Italy’s toll now stands at 6,077—more than that of China and third-placed Spain combined.
Nerves starting to fray
Italy has sacrificed its economy and liberties by closing and banning almost everything to halt the spread of a virus the government views as an existential threat.
The nation has rallied around its exhausted doctors and tried to deal with life under a state of emergency with humour and grace.
Entire city blocks have organised balcony parties with nightly DJs. There have been singalongs and synchronised rounds of applause.
But Italians’ nerves were clearly starting to fray and the pushback on social media against the ever-changing rules and tightening regulations was getting strong.
Twitter posts went viral ridiculing mayors and regional chiefs who threatened to jail joggers and fine people for walking their dogs too far from their homes.
The government’s new partial ban of seemingly random industries added to an air of confusion in the face of a disease Conte has called Italy’s biggest disaster since World War II.
Auto part makers were allowed to stay open but steel mills were shut. News stands could still operate but book stores could not.
The reality is that Conte’s team is running out of things to close or ban.

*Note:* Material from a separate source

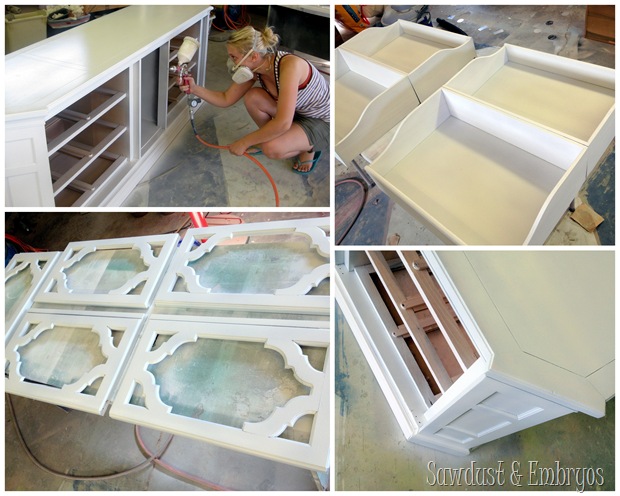 A White Paint Job for the Credenza {Sawdust and Embryos}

Other nations are also watching the Italian numbers to see if Conte’s ban-everything tactics work.
Italy is on the frontline of a war against a disease being fought by means that currently restrict freedoms and devastate economies.
Some are starting to openly ask if this price is too high—even as the global death toll soars.
Officials pleaded with the nation of 60 million—people accustomed to celebrating life outdoors deep into the night—to sacrifice individual liberties for the common good for two weeks.
Serie A side Napoli on Monday delayed the resumption of training, while international wine fair Vinitaly—held annually in Verona—was further postponed until next year.
The initial restrictions placed on the northern epicentre of the pandemic around Milan expired on Sunday and the national measures are set to end on Wednesday.
Conte indicated last week that he might need to extend the restrictions indefinitely.
His decision is expected within days.